The task :: Give again exactly the lines that stretch from the one with "ड्रग इंस्पेक्टर पेपर" to the end of the data below, including both of those lines and nothing else.

Stored data
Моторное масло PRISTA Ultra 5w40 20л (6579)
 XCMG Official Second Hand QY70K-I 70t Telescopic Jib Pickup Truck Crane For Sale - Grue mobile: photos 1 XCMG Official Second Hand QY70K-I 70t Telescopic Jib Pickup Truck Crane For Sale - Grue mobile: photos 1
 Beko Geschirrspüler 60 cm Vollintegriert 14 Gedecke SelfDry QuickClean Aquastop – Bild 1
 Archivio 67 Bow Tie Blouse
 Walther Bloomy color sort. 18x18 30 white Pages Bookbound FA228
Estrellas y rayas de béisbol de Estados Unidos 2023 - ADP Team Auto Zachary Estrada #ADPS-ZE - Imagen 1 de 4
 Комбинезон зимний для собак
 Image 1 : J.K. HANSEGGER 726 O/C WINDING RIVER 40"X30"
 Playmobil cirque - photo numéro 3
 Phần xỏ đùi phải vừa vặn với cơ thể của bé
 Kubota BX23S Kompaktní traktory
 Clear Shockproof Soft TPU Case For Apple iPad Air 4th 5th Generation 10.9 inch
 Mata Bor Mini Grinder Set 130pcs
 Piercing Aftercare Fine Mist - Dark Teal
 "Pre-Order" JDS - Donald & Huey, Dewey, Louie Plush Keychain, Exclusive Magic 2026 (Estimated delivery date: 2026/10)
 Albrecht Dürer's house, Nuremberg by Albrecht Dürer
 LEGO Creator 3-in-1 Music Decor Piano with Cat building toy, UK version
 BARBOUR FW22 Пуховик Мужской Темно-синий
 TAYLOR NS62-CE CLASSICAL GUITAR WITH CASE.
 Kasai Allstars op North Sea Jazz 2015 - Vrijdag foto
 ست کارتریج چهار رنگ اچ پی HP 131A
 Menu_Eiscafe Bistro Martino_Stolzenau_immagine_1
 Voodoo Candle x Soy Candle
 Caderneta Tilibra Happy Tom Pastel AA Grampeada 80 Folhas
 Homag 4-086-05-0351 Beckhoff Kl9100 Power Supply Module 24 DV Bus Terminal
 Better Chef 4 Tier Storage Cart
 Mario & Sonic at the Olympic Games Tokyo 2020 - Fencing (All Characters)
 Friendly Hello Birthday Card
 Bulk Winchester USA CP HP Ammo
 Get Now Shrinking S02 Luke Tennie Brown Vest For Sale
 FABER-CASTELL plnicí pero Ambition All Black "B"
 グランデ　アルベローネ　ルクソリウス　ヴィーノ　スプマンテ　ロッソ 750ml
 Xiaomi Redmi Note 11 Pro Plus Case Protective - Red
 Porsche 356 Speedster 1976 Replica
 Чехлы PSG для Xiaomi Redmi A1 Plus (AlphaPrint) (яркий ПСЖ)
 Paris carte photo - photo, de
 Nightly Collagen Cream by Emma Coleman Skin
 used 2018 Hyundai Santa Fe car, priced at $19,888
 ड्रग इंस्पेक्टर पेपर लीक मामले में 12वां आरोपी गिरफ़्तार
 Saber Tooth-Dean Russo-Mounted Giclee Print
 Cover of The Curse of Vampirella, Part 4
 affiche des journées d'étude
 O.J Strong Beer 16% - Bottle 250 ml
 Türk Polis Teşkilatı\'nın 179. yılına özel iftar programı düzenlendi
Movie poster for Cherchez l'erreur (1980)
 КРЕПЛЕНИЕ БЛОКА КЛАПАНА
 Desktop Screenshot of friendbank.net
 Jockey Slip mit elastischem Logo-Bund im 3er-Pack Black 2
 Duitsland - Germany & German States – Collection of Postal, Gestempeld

Solution for this problem ::
 ड्रग इंस्पेक्टर पेपर लीक मामले में 12वां आरोपी गिरफ़्तार
 Saber Tooth-Dean Russo-Mounted Giclee Print
 Cover of The Curse of Vampirella, Part 4
 affiche des journées d'étude
 O.J Strong Beer 16% - Bottle 250 ml
 Türk Polis Teşkilatı\'nın 179. yılına özel iftar programı düzenlendi
Movie poster for Cherchez l'erreur (1980)
 КРЕПЛЕНИЕ БЛОКА КЛАПАНА
 Desktop Screenshot of friendbank.net
 Jockey Slip mit elastischem Logo-Bund im 3er-Pack Black 2
 Duitsland - Germany & German States – Collection of Postal, Gestempeld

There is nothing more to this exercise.